Chicago lives this rivalry. A YouTube video walks through how a kid often picks a side because of family, block, and school. It reminds viewers that their only World Series meeting came in 1906 and that interleague play in 1997 turned summer into a yearly city event. The video’s tone is personal. It shows houses with split loyalties, a dinner that goes quiet when the bullpen blows a lead, and a train ride where a cap can spark a joke or a stare. It is a story about place first, baseball second.
Where You Grow Up Decides Your Team
In Chicago, the choice often starts at home. The North Side leans Cubs. The South Side lives White Sox. Many fans say their path was set the day an uncle dropped a cap on their head or a parent told a story about a night game. The video keeps returning to this point. The city map is not just streets and lines.
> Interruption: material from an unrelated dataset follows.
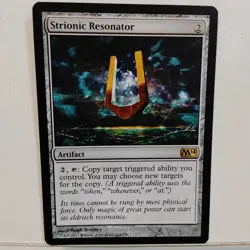 STRIONIC RESONATOR --- MTG -- MAGIC 2014 --- NM - Image 1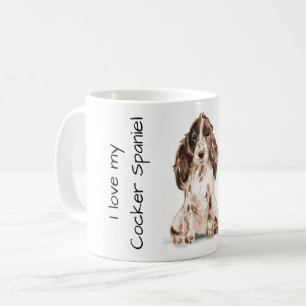 Mijn Cocker Spaniel Lief Koffiemok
It is a memory book that decides colors, chants, and who gets the last word at a cookout.
That is why this rivalry is never only about standings. Sox fans point to 2005. Cubs fans point to 2016. Both sides feel seen by their team, and both claim a truer version of Chicago. The back and forth gives the series its edge. Even a routine grounder can feel loud when it carries years of family jokes and school hall debates.
Bragging Rights And The Scoreboard
The story on paper is close. The all time tally sits even when you combine the World Series in 1906 with the regular season series that began in 1997. The White Sox took October in 1906 by four to two. Regular season sets have leaned Cubs by a small margin, but the totals move every year and the gap never lasts long. This is why a single week in June can feel huge for a city.
“Everybody knows each one of these games between the Cubs and White Sox are intense. It does not matter if it is Spring Training or during the season, these games mean something.” — Jose Abreu, 2016.
That quote lands because fans in both parks live it. A bunt in the sixth can turn a bar on one side of town into a party and send the other side into silence. It is not just a game. It is the right to talk all summer.
Why Regular Games Feel Like October
The rare part of this feud is the lack of October meetings. The only World Series clash came in 1906, when the Hitless Wonders stunned a 116 win Cubs team. That result still hangs in the air because it is the one time the city settled it on the biggest stage. Every year since then, Chicago pours that energy into regular season games that count the same as any other, yet always feel heavier.
Interleague play began in 1997. That change brought home and home sets that turned June and July into a local holiday. Bars fill early. Families text all day. The winner does not only take a game. The winner takes months of bragging rights. Even in down years, the matchup hums, because no one wants to be quiet at work on Monday. The video captures that feeling. It shows a city where sport, family, and street all meet in a few loud nights.